The joint on the r. is square, that on the I. is beveled, with a plain vertical band in front indicating the end of the relief. There are two flat moldings along the top and bottom; the space above, below, and between is recessed; and the relief is in the space between the moldings. The frieze shows three horsemen moving to r. Each carries a spear pointing forward and wears a chiton with a flap on either side of the shoulder. They seem to wear cuirasses; the crest of a helmet falls down their backs. The features are not modeled. Horses are squat and swaybacked with long pointed tails and elaborate harnesses, the bridles ornamented with discs. The first and third horses have all four feet on the ground; the middle one raises a foreleg. The figures are well rounded.

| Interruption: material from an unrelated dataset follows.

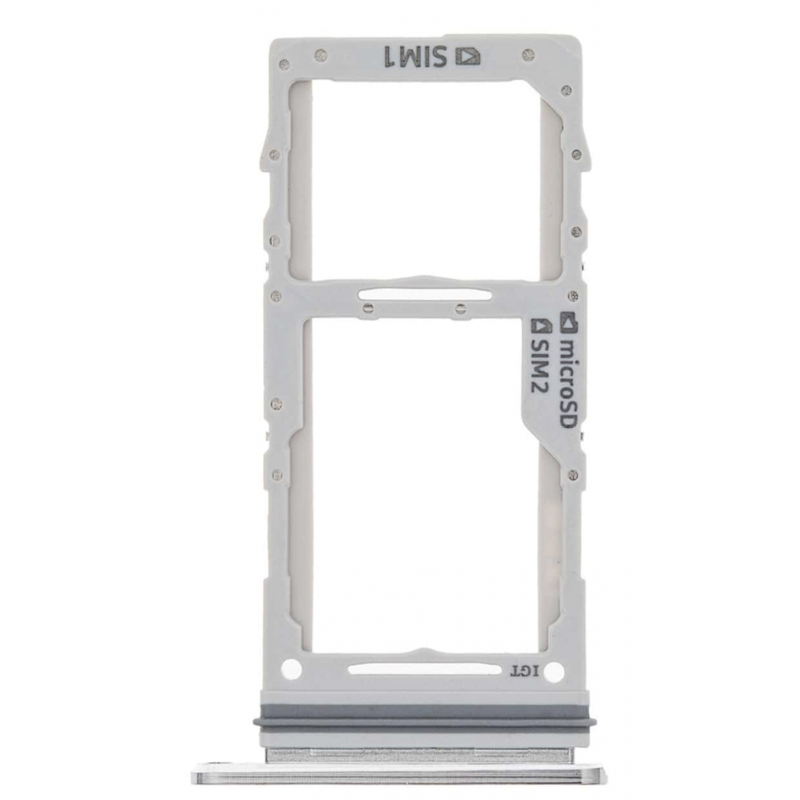 Tiroir SIM Samsung Galaxy Note 10 Plus Blanc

Pryce believed the piece to be possibly the arm of a throne or side of a couch, citing Choisy, Note sur les tombeaux, 79, fig. 13 as a comparison. He dated it to the second half of the 6th C.; Akurgal (Kunst Anatoliens, 156) to the 6th C. The horsemen on stocky horses seem earlier than those of the Daskylion stele of ca. 500 B.C. (Fig. 152).
Slab broken off below; top surface preserved, as is the joint on either side.
- H. 0.19, of relief 0.085; L. 0.43.
- See Also
- Published: Pryce, Catalogue Sculpture BM, 99-101, fig. 164; A. H. Smith, Catalogue Sculpture BM I, 24, no. 22; Sardis I, 9, 12; Perrot-Chipiez, Histoire de l’art, 903, fig. 535; Akurgal, Kunst Anatoliens, 156, fig. 107. For horsemen of the Persian period see Borchhardt, Epichorische Reliefs, 166-173, pls. 44-46. Tuchelt, Archaischen Skulpturen Didyma, 126, no. L 73b-c; 185, nn. 90, 91.